Network ports unresponsive at random intervals requiring a restart in VM

Started by Alexxxey, February 06, 2025, 11:36:19 AM

Previous topic - Next topic
Hello,

Wondering if someone has had a similar issue and can point me to a solution. I am relatively new to OPNsense, have been running OPNsense based router at home with fiber for a few months on Debian with QEMU VM with no issues. Now trying to replicate the setup at relatives house but having some issues.
The system is based on AMD Ryzen 5 3600 with 32GB RAM and X550-T2 10GB intel NIC card. The ISP provides 2.5G symmetrical link with their own ONU (which connects directly to OPNsense), with PPPOE authentication.
Installing OPNsense directly onto the NVME drive works without issues.
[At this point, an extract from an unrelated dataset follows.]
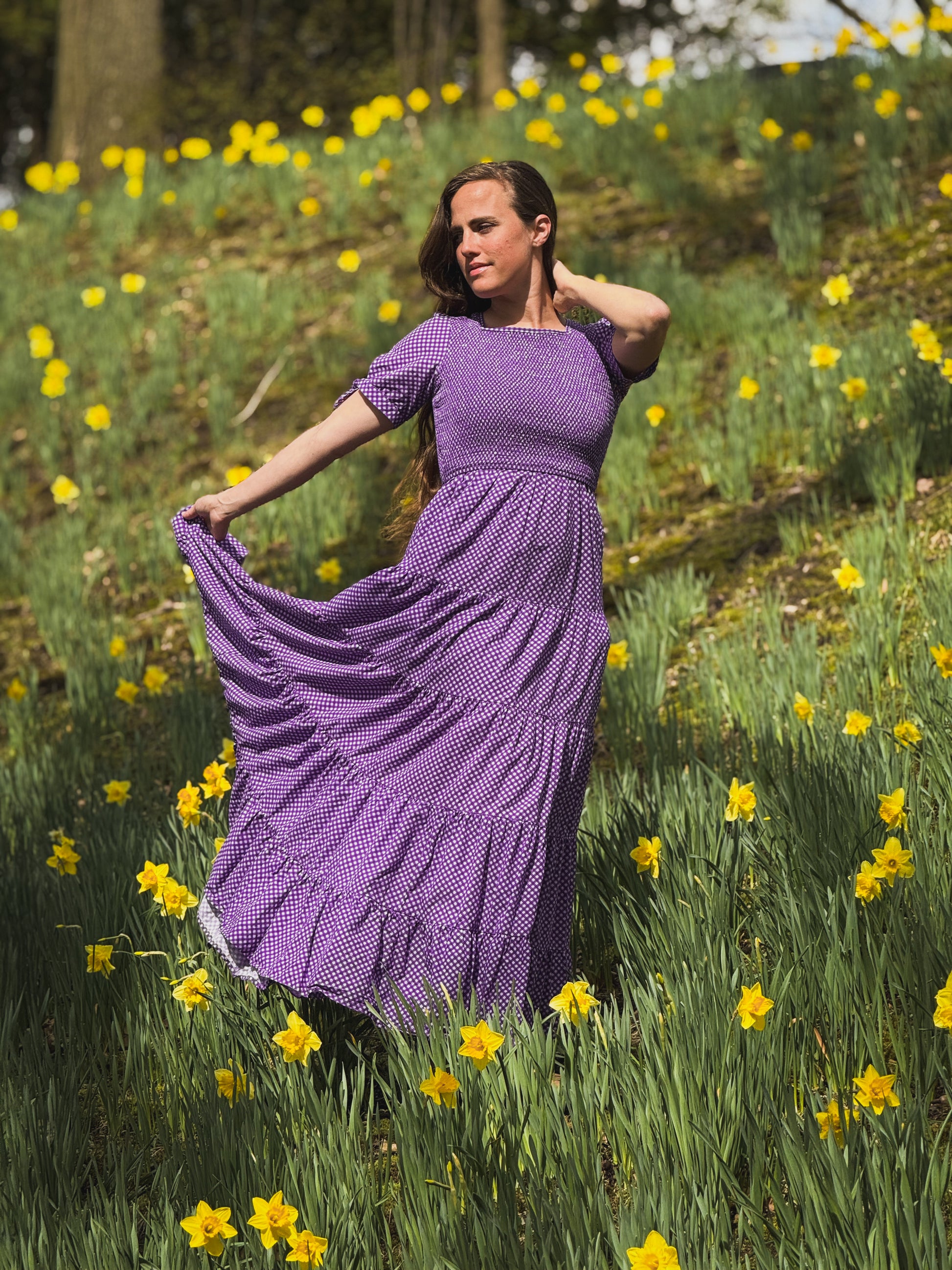 A woman wearing a purple, gingham, five-tiered maxi modest nursing dress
However, I would like to install Debian for running other docker containers onto the same system. When I install OPNsense onto the same PC running Debian, using virt-manager, the system works for about half an hour but then all network activity stops.
I am unable to log into GUI interface, then only thing I can do is use a monitor and keyboard on host PC and use virt-manager console to log into the VM and look at the logs. So the actual VM is still running, just the network activity that stops. Resetting the VM returns back to normal but the issue re-occurs again after some time.
I pass the X550 NIC ports directly to the VM so it has full control over them. I tried virtual ports but did not get above 1G speed. The fiber here is 2.5G symmetrical.
Things I've tried which resulted in the same issue:
- different X550-t2 card
- Q35 and i440fx
- increase RAM to 16GB, HDD space to 25GB and processor count to 8
- Even tried another Intel based PC which resulted in exactly the same issue!
- Tried to enable and disable hardware offloading
- tried to set MSIX to 0 as I've seen suggested elsewhere, but this causes the VM not to boot with a storage error.
- also tried SR-IOV on the X550 ports with same result.

I have accessed the system log (/var/log/system/latest.log). Where else should I look? bear in mind I can only access the filesystem via the console and not the GUI once this happens. The system logs shows these errors right after the network goes down:
ppp-linkdown: executing on pppoe0 for inet
ppp-linkdown: executing on pppoe0 for inet6

4 minutes before this (while the internet is still working for another few minutes after):
cannot fortward src fexx:2::xxxx:xxxx:xxx:xxxx, dst xxxx:xxxx:xxxx:xxx:interace:xxxx:x:xxxx, nxt 6, rcvig ix0, outif pppoe0

I am completely stuck here, especially since i managed to replicate the issue on two separate PCs (one AMD and one Intel) and the fact that installing OPNsense directly onto the NVME drive works without issues, but inside a VM on the same hardware is causing these random crashes.

Sorry to bother everyone, in case someone comes across this in the future, the issue was that the host OS (Debian) with fresh install enables suspend on idle. Looks like this was disabling the ports for the VM. Even after coming out of suspend, the ports stayed disabled, this is why it was not obvious to me where the issue was.
Suspend disabled and everything is working now.